Cet Eloge de la Folie aura donc été l’un des plus gros succès de librairie, l’une des meilleures « ventes » du XVIème siècle, l’une des fatrasies les plus appréciées et les plus imitées du lectorat de l'époque. Bref : ce qu'on nomme à présent best-seller.

 

C’est l’un des petits privilèges de ce métier curieux que j’exerce d’être, par la nécessité de « préparer des cours » conduit régulièrement à la (re)lecture des ouvrages du passé.
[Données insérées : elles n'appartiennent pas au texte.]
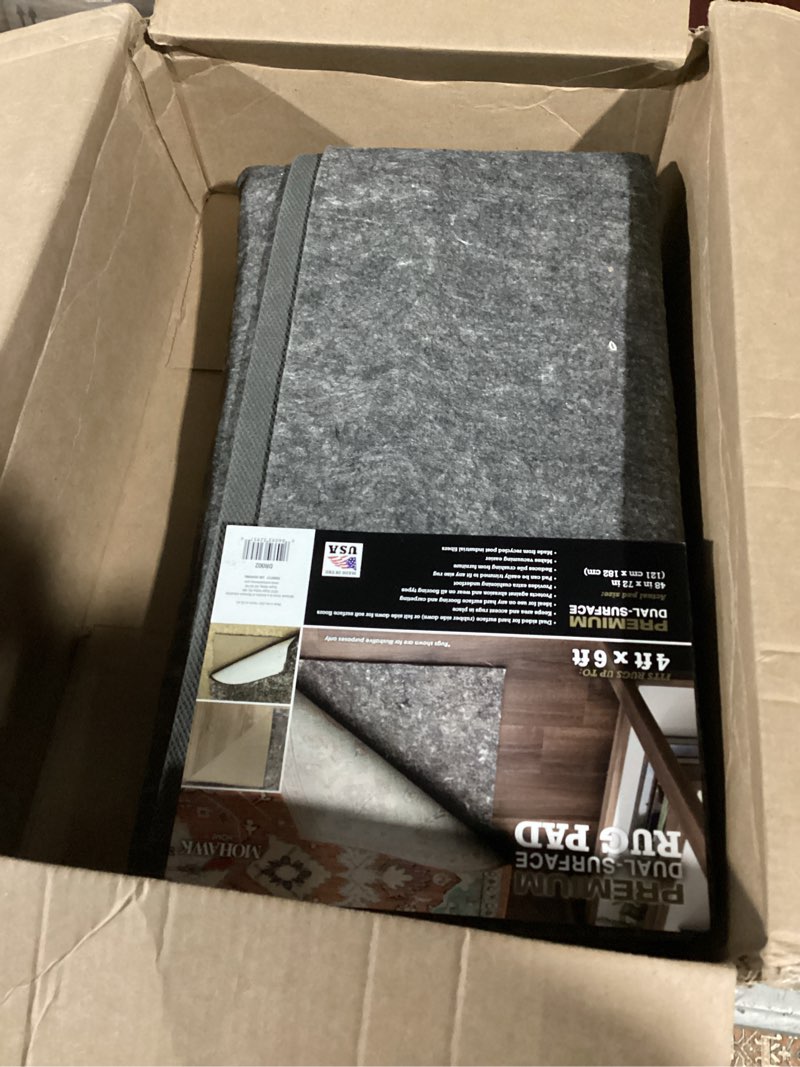 Condition photo showing Good Condition for Mohawk Home 4' x 6' Non Slip Rug Pad Gripper 1/4 Thick Dual Surface Felt + Rubber Gripper - Safe for All Floors
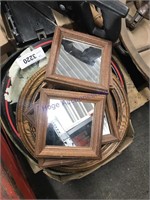 Tin trays, accent mirrors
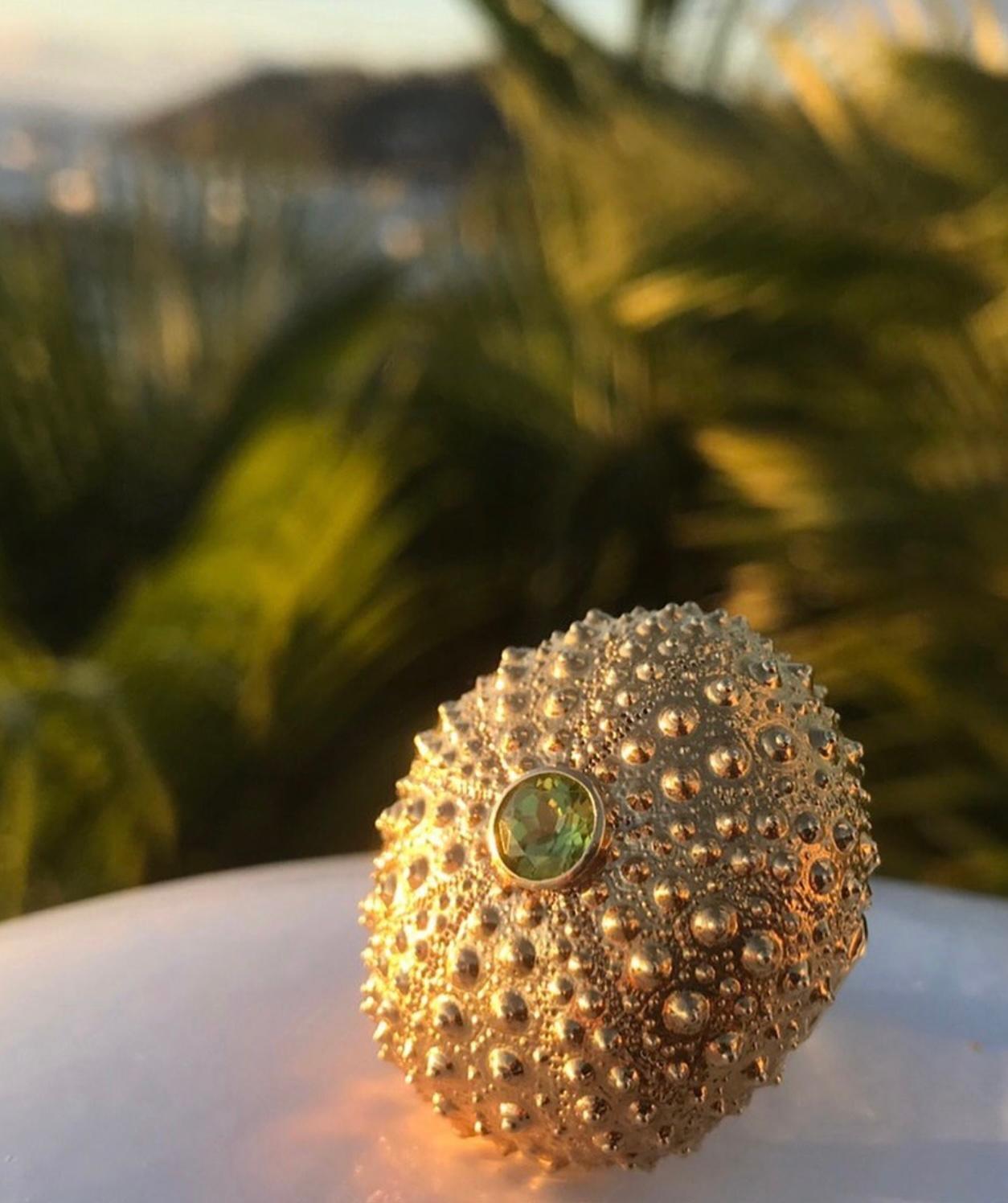 Contemporary Jennifer Liang 14 KT Gold Sea Urchin Gemstone Ring in Green Peridot For Sale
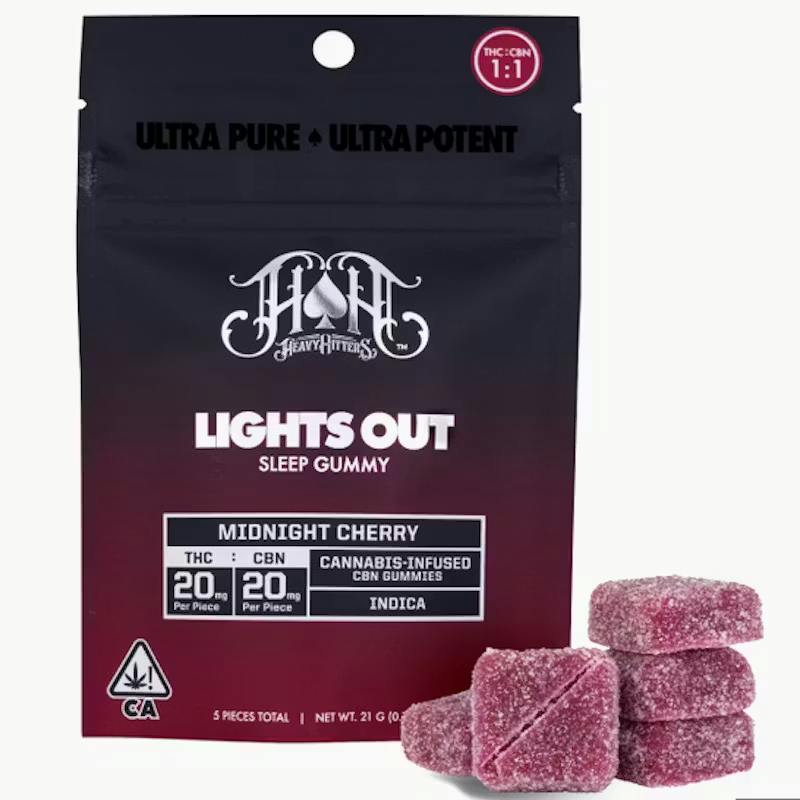 Heavy Hitters Edible Gummies Midnight Cherry (1:1 THC:CBN)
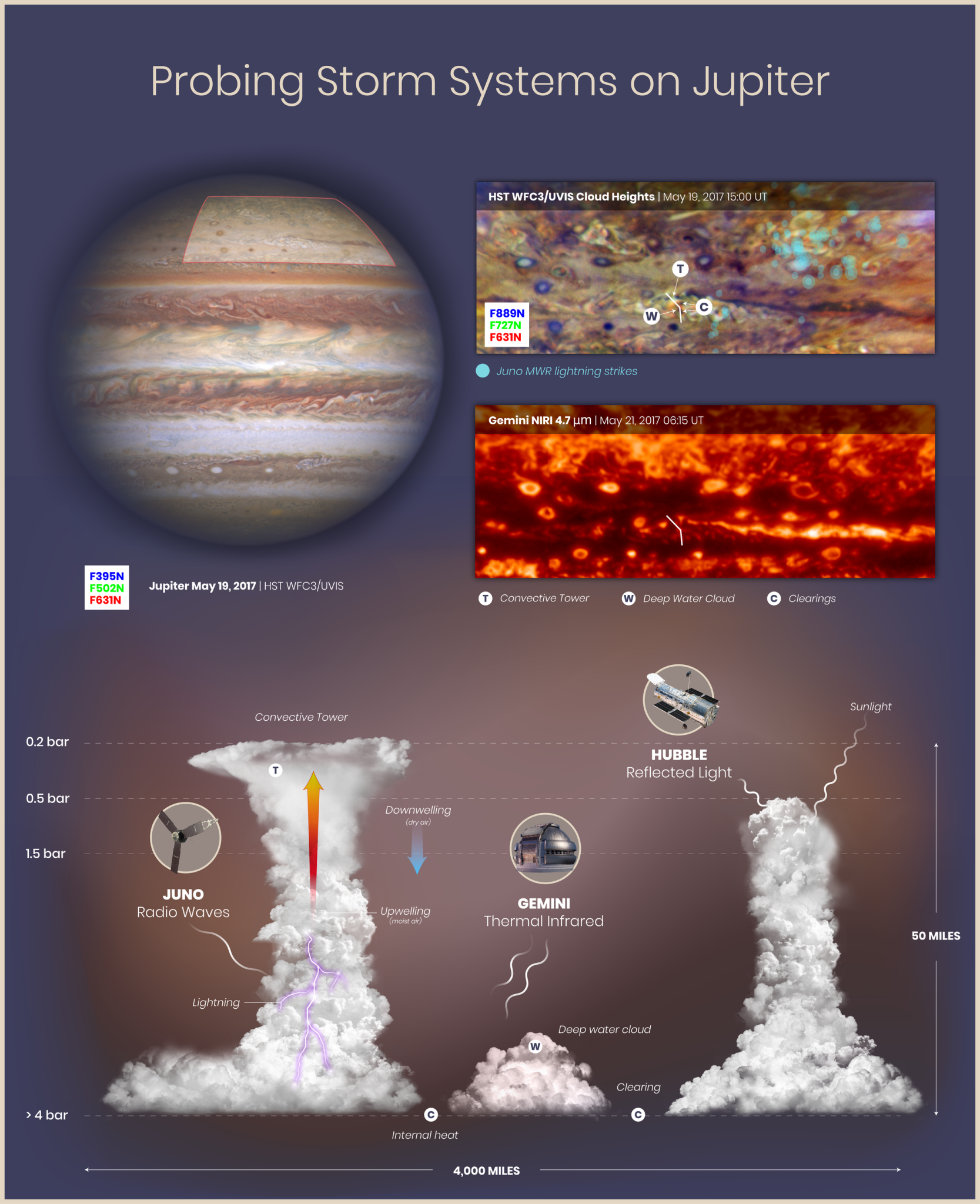 graphic that includes Jupiter observations from Hubble and Juno (top) and illustrations of Jupiter cloud formations (bottom)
Ainsi, tandis que les « critiques littéraires » doivent se farcir les stars de la rentrée éditoriale, les Beigbeder, NDiaye, Chalandon, Toussaint ou Mauvignier, c’est en compagnie de Rabelais, Marguerite de Navarre, More, Montaigne et Erasme que je fais ma rentrée automnale. A cheval, le plus souvent, je dois le dire, tant ces (re)lectures tiennent plus du papillonnage que de l’immersion absolue. Et en latin, tant on ne cesse de s’étonner à quel point les grands textes littéraires sont, pour le lectorat contemporain – et pas seulement les adolescents il faut en convenir – devenus lettres mortes.

 

A cheval. Et en latin : L’attelage n’est certes plus trop au goût du jour ; c’est tant mieux.  Me demande bien de quel œil sarcastique et distant Erasme et sa redoutable Folie observeraient la rentrée si communément marchande qui amène chez les libraires des piles d’ouvrages déjà programmés pour finir leur vie en cartons de pizzas. L’une des vertus de cette satire étant de nous faire aimer ce qu’elle tourne en dérision, à savoir la folie des hommes, nul doute qu’en son plat farci, chacun en son assiette trouverait à déguster pour son compte.

 

A propos de tous les écrivains Folie ne déclare-t-elle pas, au chapitre L de son propre éloge : « Tous me doivent énormément, surtout ceux qui griffonnent sur le papier de pures balivernes. » ? Goncourt, Renaudot, Femina… à l’heure des premières sélections, et tandis qu'on ne sait quel éditeur et quel auteur emporteront cette année le pactole, saluons une fois encore, et indiscutablement, Folie notre mère à toutes et à tous, qui règne sans partage sur la grande foire d’empoigne et le grand marché aux vanités :

 

erasme.jpg

 

« Voyez-les plastronner sous les éloges, et montrés du doigt par la foule : Le voilà, cet homme fameux ! Les libraires les exposent en belle place ; au titre de leurs ouvrages se lisent trois noms, le plus souvent étrangers ou cabalistiques. (…) Le fin du fin est de s’accabler d’éloges réciproques en épitres et pièces de vers. C’est la glorification du fou par le fou, de l’ignorant par l’ignorant. Celui qui vous dit supérieur à Cicéron, vous le déclarez plus savant que Platon. On se cherche parfois un adversaire pour grandir sa réputation par une bataille. Deux parties contraires se forgent dans le public ; les deux chefs combattent à merveille, sont tous deux vainqueurs et célèbrent leur victoire. Les sages se moquent à bon droit de cette extrême folie. Je ne la nie pas. Mais en attendant, j’ai fait des heureux qui ne changeraient pas leur triomphe pour ceux des Scipions. »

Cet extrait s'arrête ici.